Where to find: Company → Reports → People → Overtime Export for Payroll
Common criteria
| Setting | What it does | Tips |
|---|---|---|
| Date range | Defines which approved timesheets to include in the export. | Align with your payroll period cutoffs. |
| People / Divisions / Employment Types | Limit the export to specific groups or individuals. | Useful for test runs or phased rollouts. |
| Label exports | Applies a tag to timesheets included in this export. | Use labels (e.g., “PR-2025-10-15”) to prevent re-export. |
| Exclude/Include by label | Controls whether previously labeled timesheets are exported again. | Exclude prior exports to avoid double-paying OT. |
Export output (typical fields)
| Field | Example / Description |
|---|---|
| Person | Employee name or identifier |
| Pay Code | OT1 (1.5×), OT2 (2×), etc. — one Pay Code per multiplier |
| OT Hours | Hours grouped by Pay Code for the period |
| Timesheet Period / Approval | Dates and approver metadata (for reconciliation) |
Tip: If OT rules or Start of Week changed, reopen and re-approve impacted timesheets before exporting so OT totals reflect the latest configuration.
Edge cases & tips
- Biweekly ≠ biweekly OT: A Biweekly model groups submission periods into two-week spans, but OT is still evaluated per week using Start of Week.
- Cross-week shifts: Hours that cross midnight count on the day they’re recorded; daily thresholds apply per calendar day.
- Multiple projects/tasks: OT is determined on totals, not per project. Pay Codes reflect multipliers, not project/task.
- Changing rules mid-period: Updates affect future calculations. Reopen/re-approve to reapply if you need the new rules on an existing period.
Troubleshooting
- OT didn’t appear: Verify the timesheet is Approved/Locked, that the employee’s Employment Type has an active OT rule, and that Pay Codes are mapped for each multiplier.
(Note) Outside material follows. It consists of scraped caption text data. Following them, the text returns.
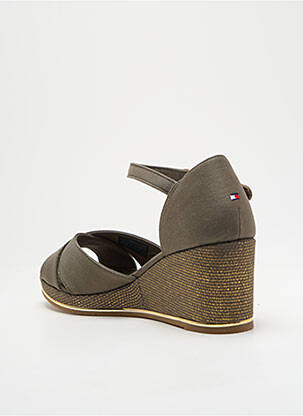Sandale/pantofi decupați țesătură satinată toc de 4 la 6 cm verde TOMMY HILFIGER femeie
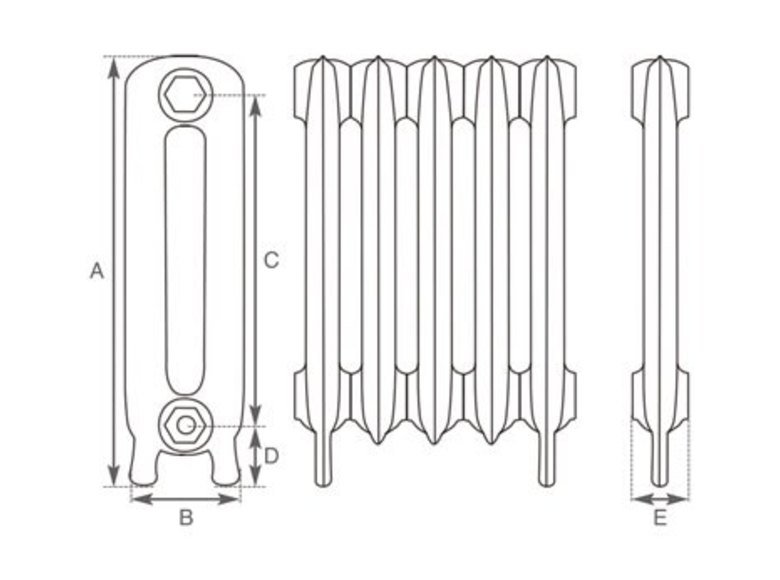 Carron Princess Cast Iron Radiator - 795mm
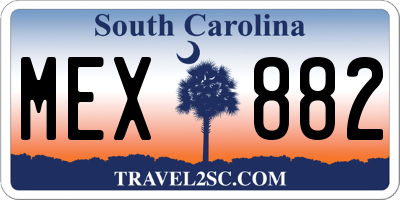 SC license plate MEX882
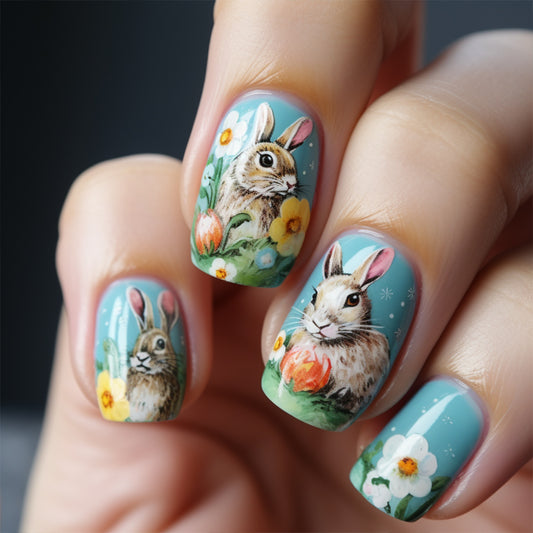 Whimsical Garden Themed Short Square Blue Press On Nail Set Featuring Adorable Bunny and Floral Designs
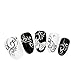 NiceDeco - nail stickers nail tattoo nail deacl water transfers decals black/white swirls pattern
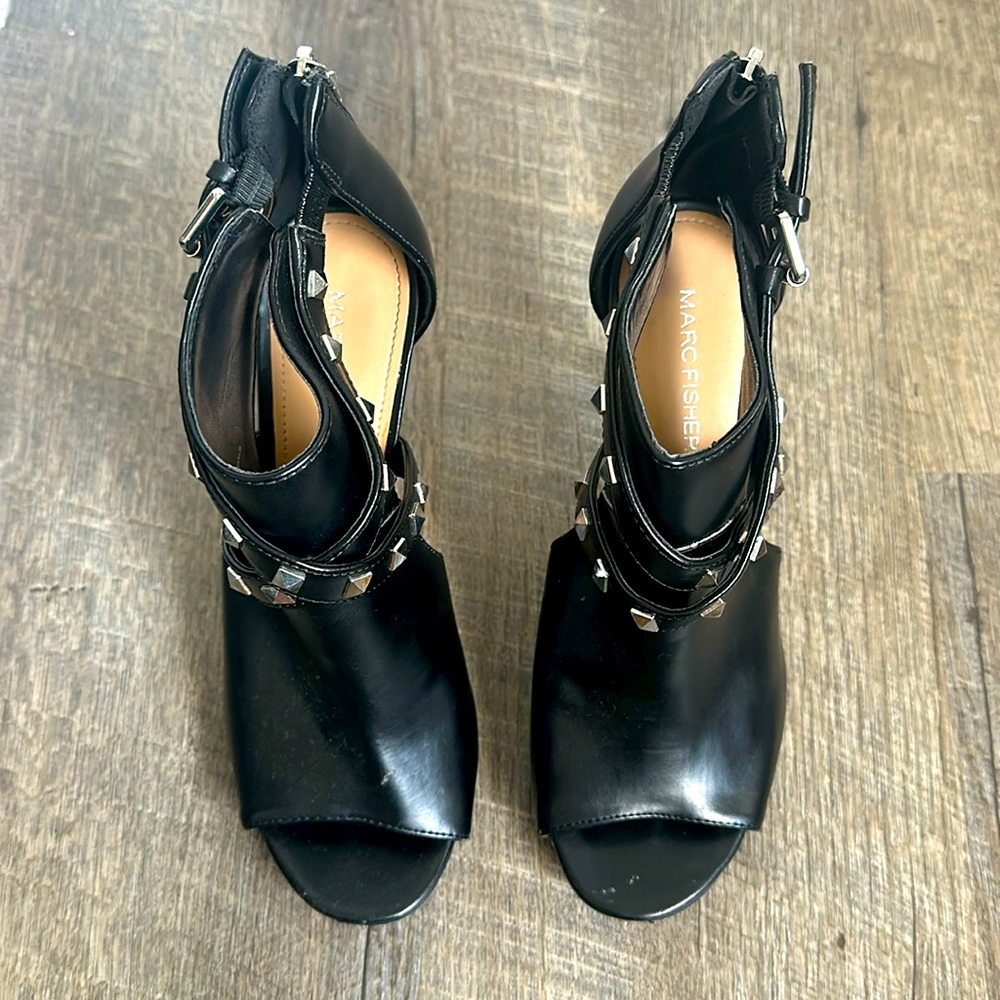 Marc Fisher Platform Black Studded Heel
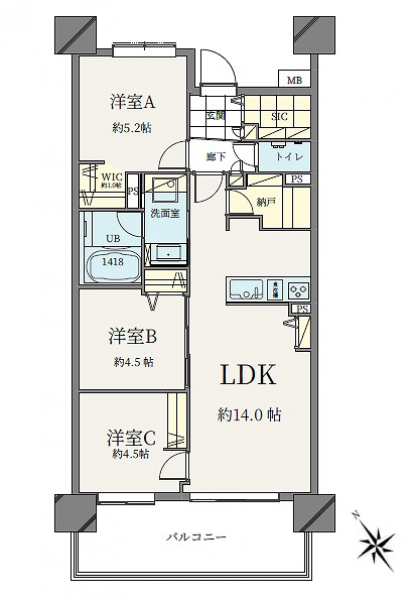 レクセル稲毛パークスの間取図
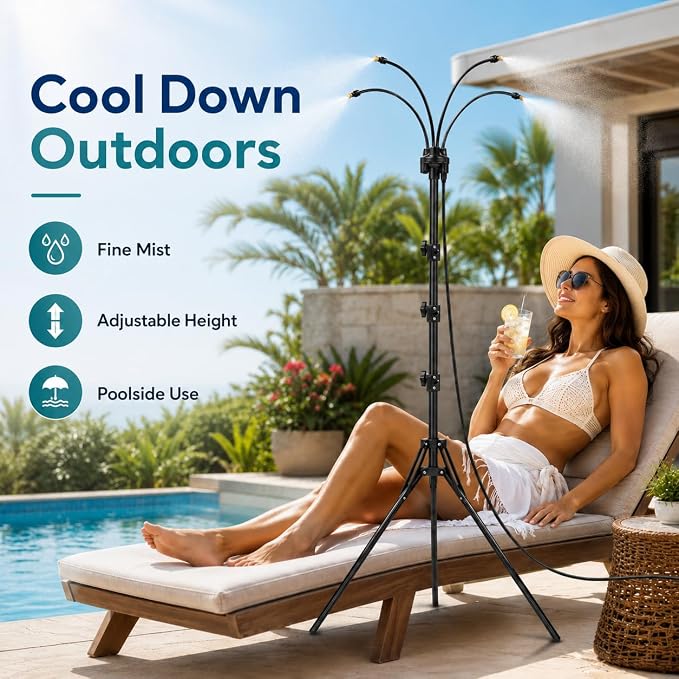 Upgraded Standing Misters for Outside Patio, 6FT Height Adjustable Outdoor Misting System, Portable Cooling Mister with Tripod, Brass Nozzles & 26FT Hose, Sprinkler for Tanning Backyard, Garden, Pets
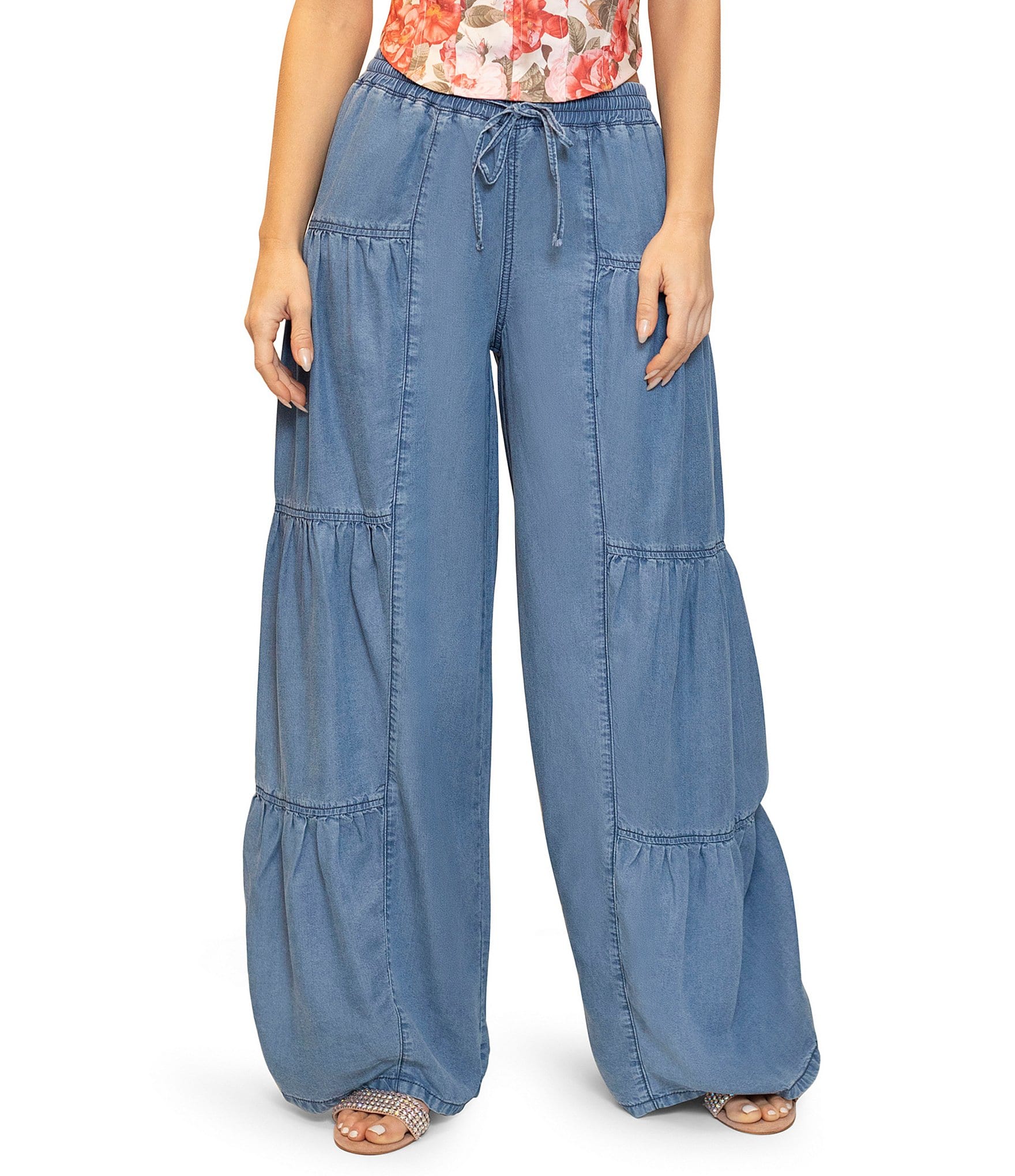 Stevie by Steve Madden Chambray Wide Leg Full Length Pants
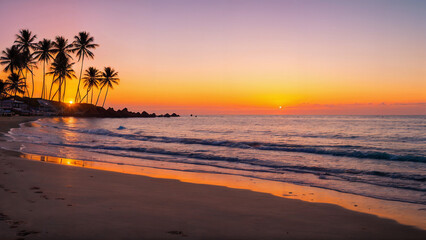 Obraz premium sunset beach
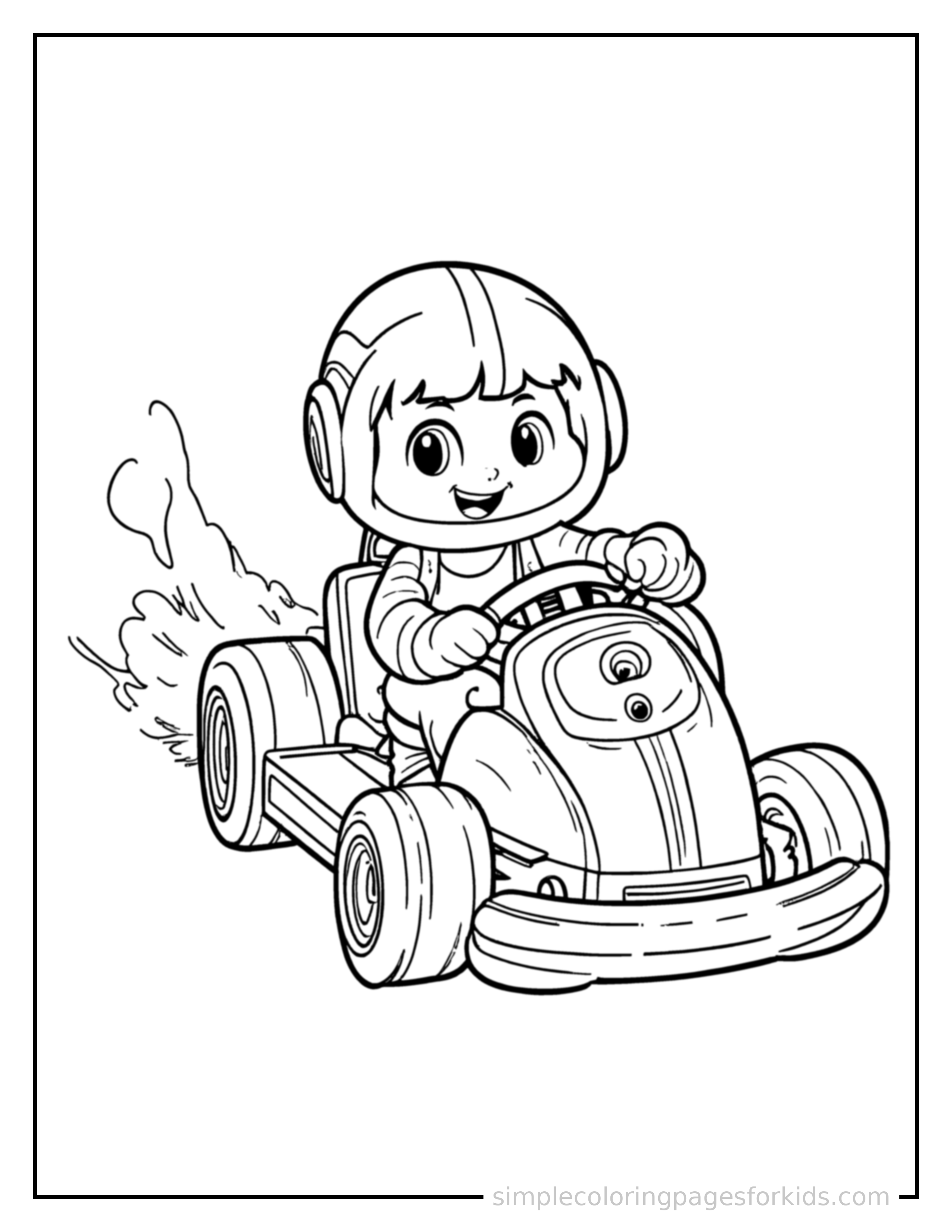 Free printable go-kart coloring page featuring a cute go-kart driving forward fast with a big cheerful headlight-eyes face, motion lines trailing behind.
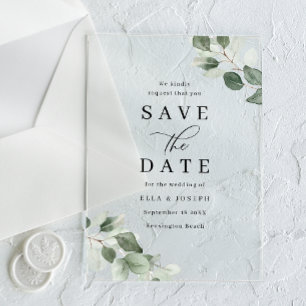 Modern Script Green Leaf Wedding Save The Date Acrylic Invitations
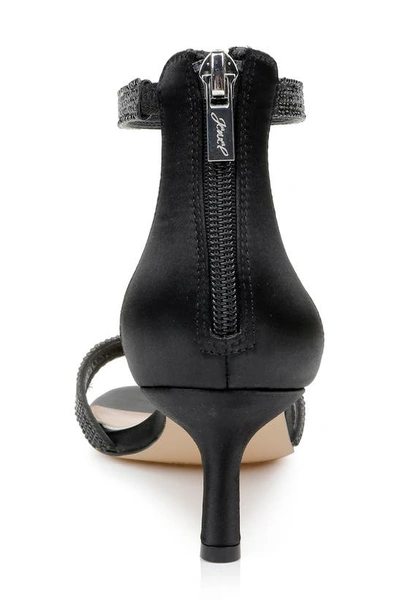 Jewel Badgley Mischka Ankle Strap Brie Heel In Black Satin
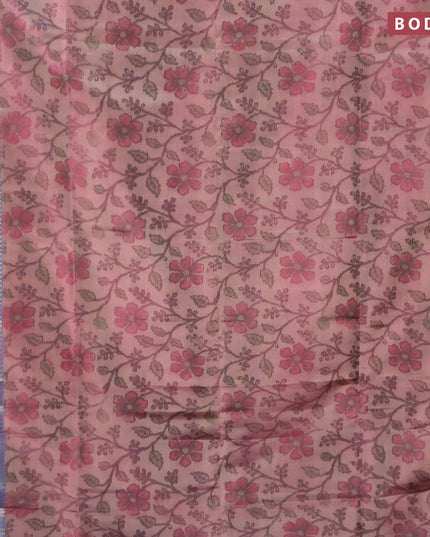 Banarasi semi tussar saree pastel pink and cs blue with allover ikat weaves and zari woven border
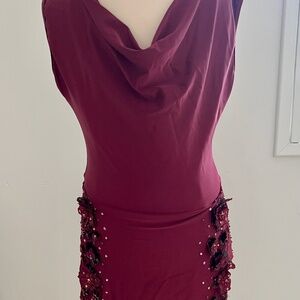 Dance Costume - Adult SM - Burgundy / Maroon Dress / Stoned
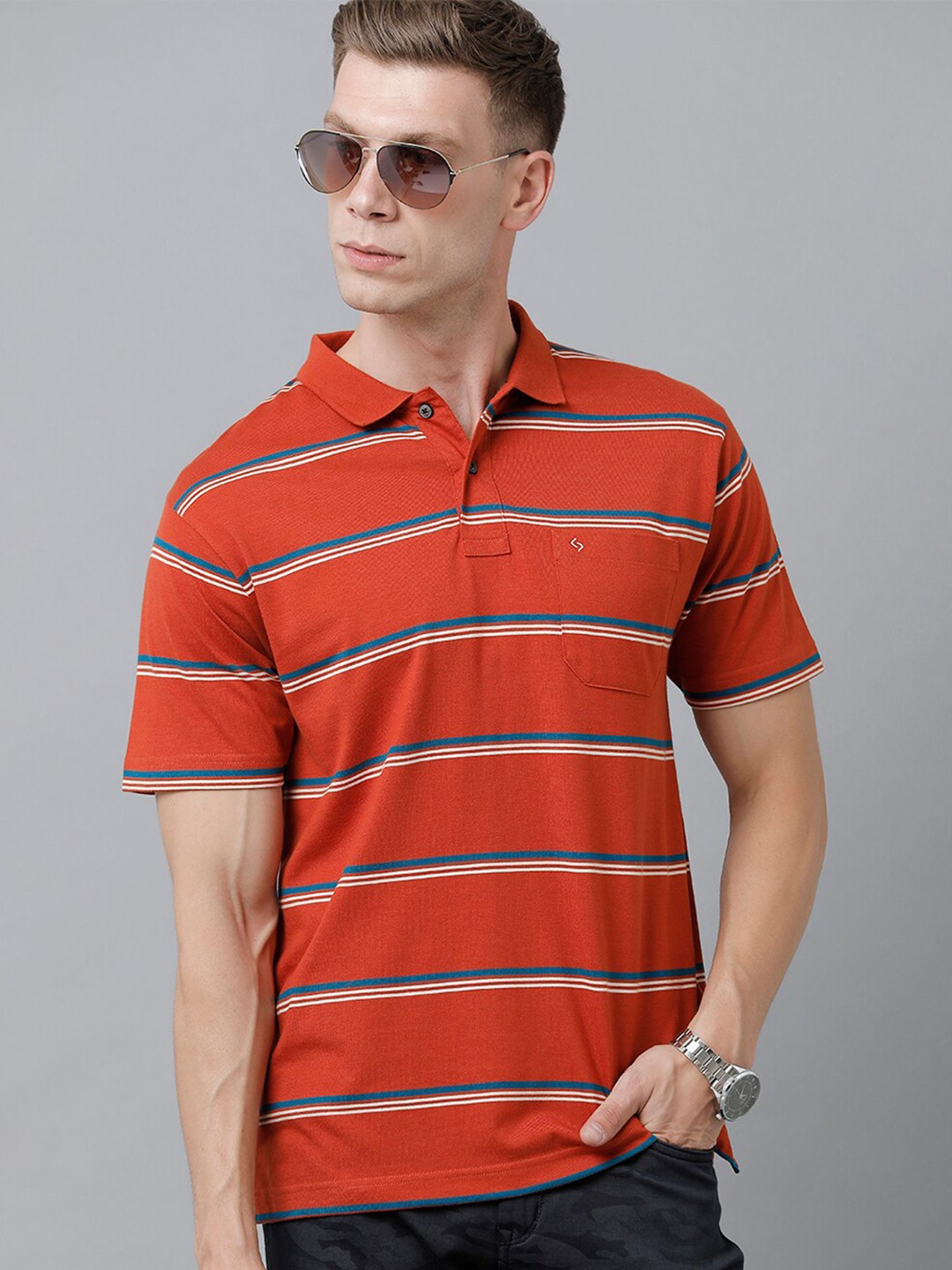 

Classic Polo Men Striped Polo Collar Cotton T-shirt, Red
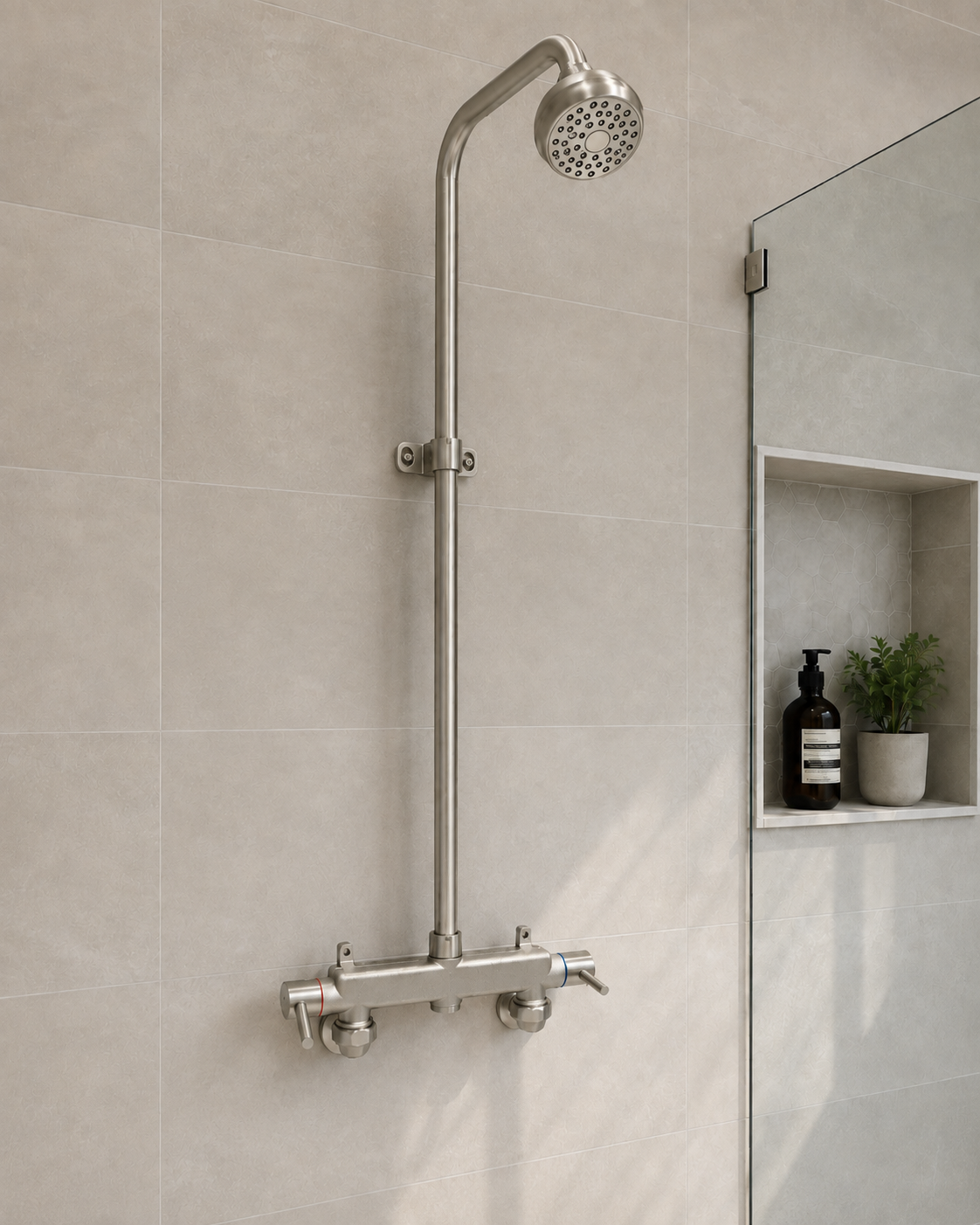 Exposed Pipe Shower System, Wall-Mounted Dual Handle Shower Faucet Set, Brushed Nickel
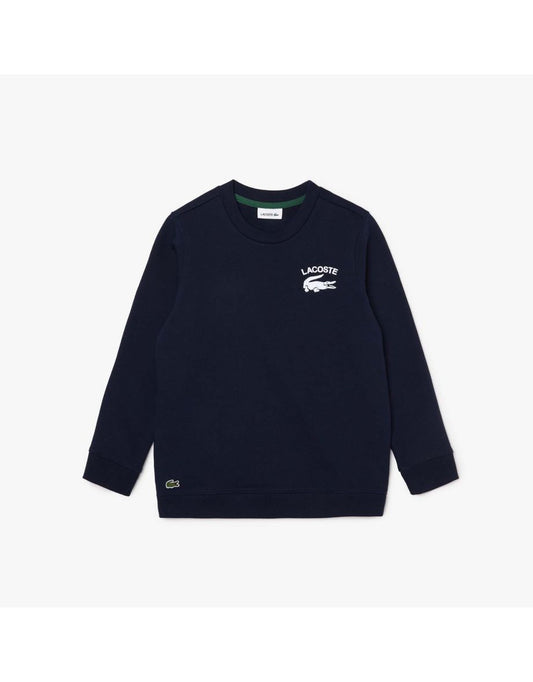 Boy's Lacoste Juniors Ribbed Crewneck Sweatshirt - Blue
- Too much/too little OT: Confirm Start of Week, check daily vs. weekly thresholds, and review whether any Time Off inflated totals.
- Wrong Pay Code: Ensure a one-to-one mapping between multiplier and Pay Code in OT Configuration.
Notes & limitations
- Only worked hours are eligible for OT; Time Off is excluded.
- Start of Week defines weekly windows. Changing it adjusts future weekly boundaries; previously approved OT will not change unless you reopen and re-approve.
- Changing the Timesheet Model can remove existing timesheets, approvals, and overtime history. Plan changes carefully.
Summary
In Weekly/Biweekly models, OT is based on weekly windows tied to your Start of Week and the employee’s Employment Type rule. OT is calculated at approval/lock, excludes Time Off, and uses one Pay Code per multiplier. When in doubt, reopen and re-approve to reapply calculations.